Top Dems Want Special Iraq Envoy
The U.S. Senate's top Democrats, poised to lead the chamber starting in January, are urging President Bush to name a special envoy to Iraq.
The Democrats wrote a letter to Bush on the matter. The letter was signed by incoming Senate Majority Leader Harry Reid, incoming Assistant Senate Majority Leader Dick Durbin, incoming Armed Services Committee Chairman Carl Levin, incoming Intelligence Committee Chairman Jay Rockefeller, and Sen. Jack Reed.
The Democrats took control of both houses of Congress in elections earlier this month.
The Democrats writing Bush say they want a special envoy to work full-time with the Iraqi government and other regional players to reaffirm the basic message that the Iraqis must reach a political settlement and to help find immediate, tangible ways to quell the violence, provide services, and create long-term peace and stability.
The leaders spell out a number of steps that need to be taken to improve the violence in Iraq, including the disbanding of militias and the need for the Iraqi government to serve all citizens. Evidence indicates the Iraqi government discriminates against some citizens based on religion, the senators say.
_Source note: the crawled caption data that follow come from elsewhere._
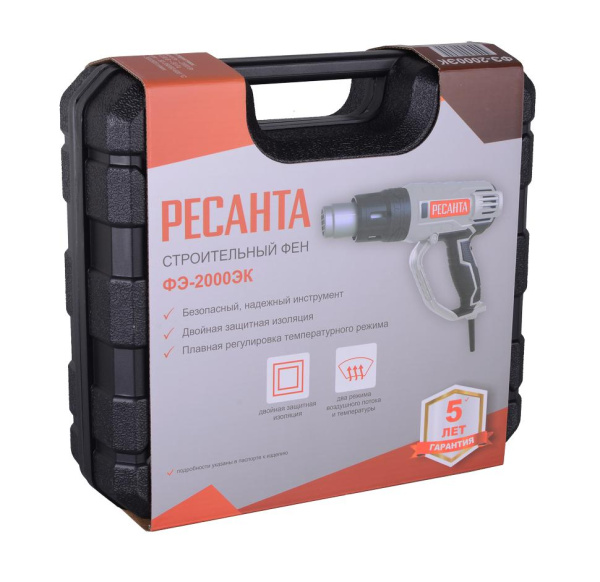 Строительный фен ФЭ-2000ЭК Ресанта, 75/2/2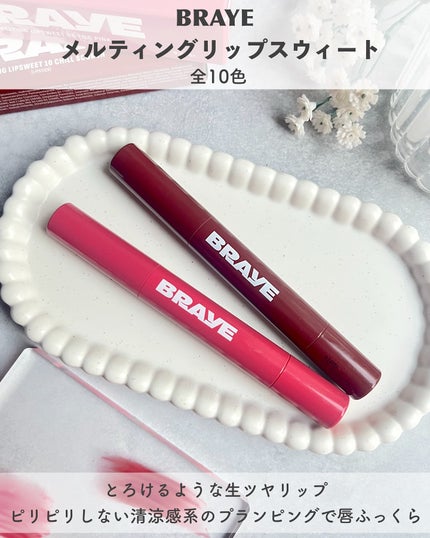 メルティングリップスウィート/BRAYE/口紅を使ったクチコミ(2枚目)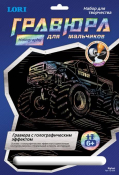 Гр-209 Гравюра "Bigfoot" (голография)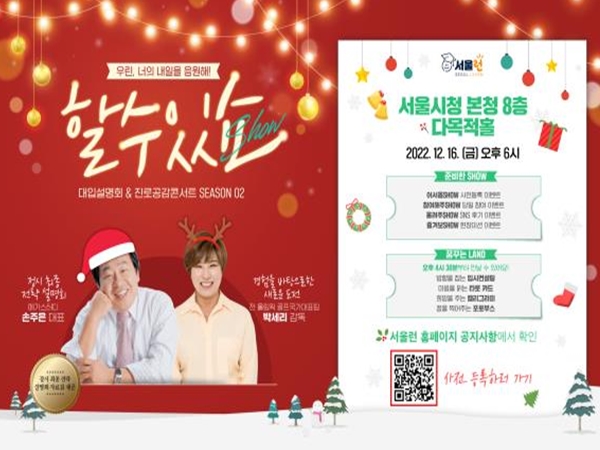 대입설명회 홍보 배너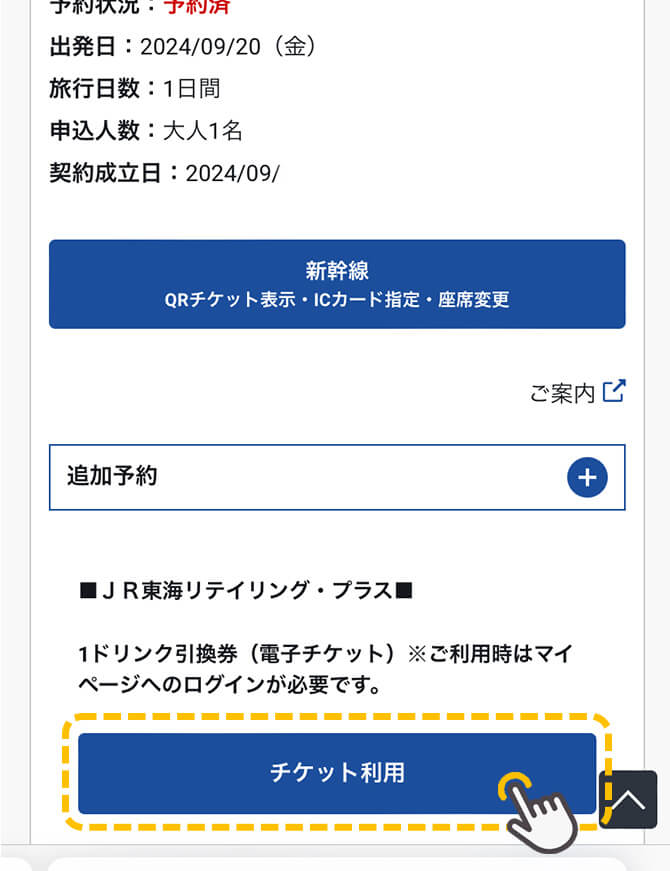 ドリンクチケットの使い方3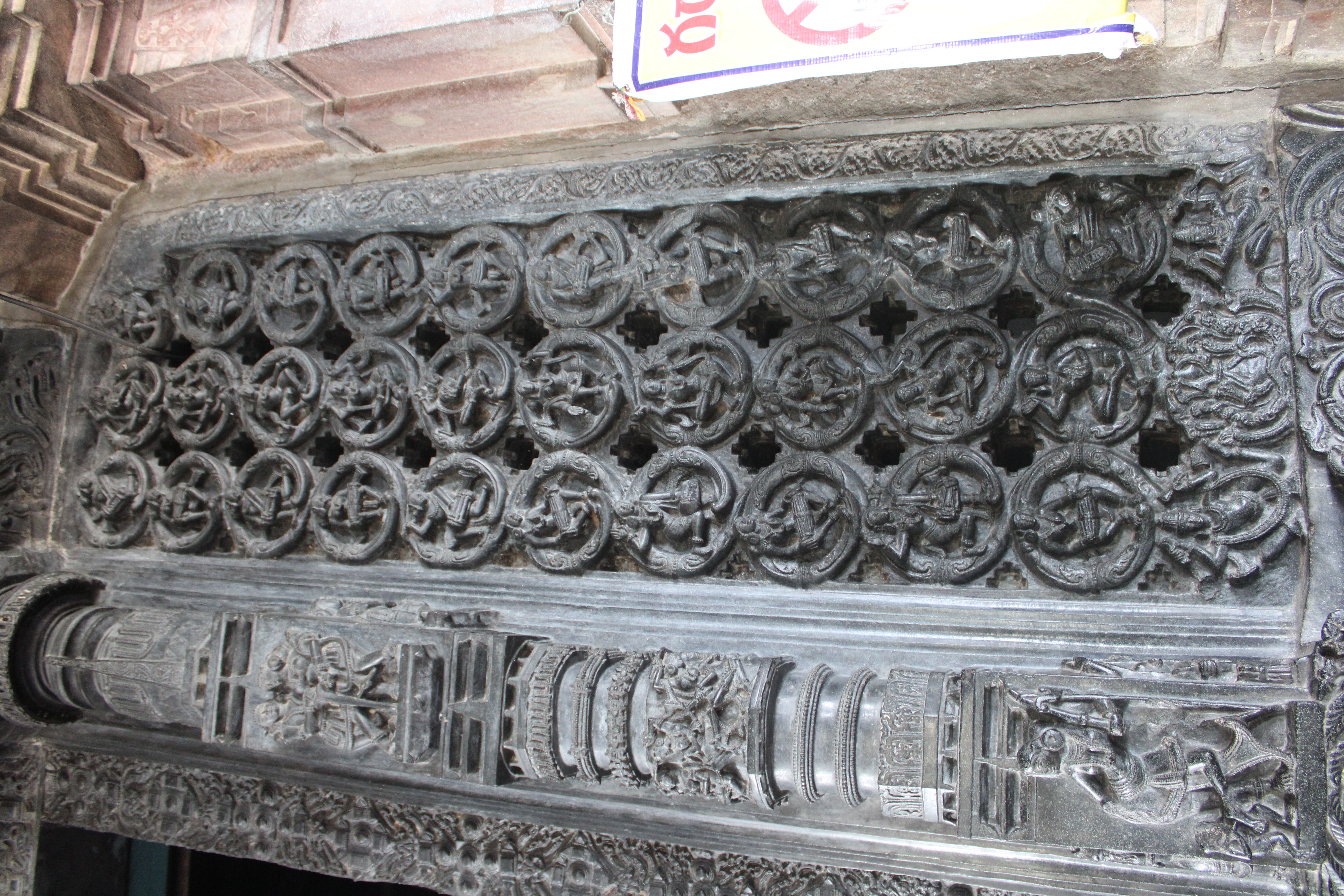 Ramappa Temple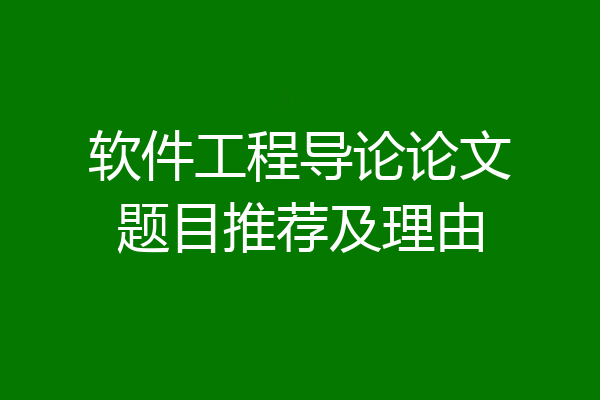 软件工程导论论文题目推荐及理由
"We understand that all of these steps are difficult," they told Bush. "We are also aware that the Iraqi government has pledged to take many of the above steps but none have been accomplished. In the meantime, our U.S. forces continue to be injured and killed. For these reasons, we believe that appointing a special envoy to Iraq, dedicated to helping the Iraqis reach a political solution supported by other regional players, is a necessary step for the United States to take at this time."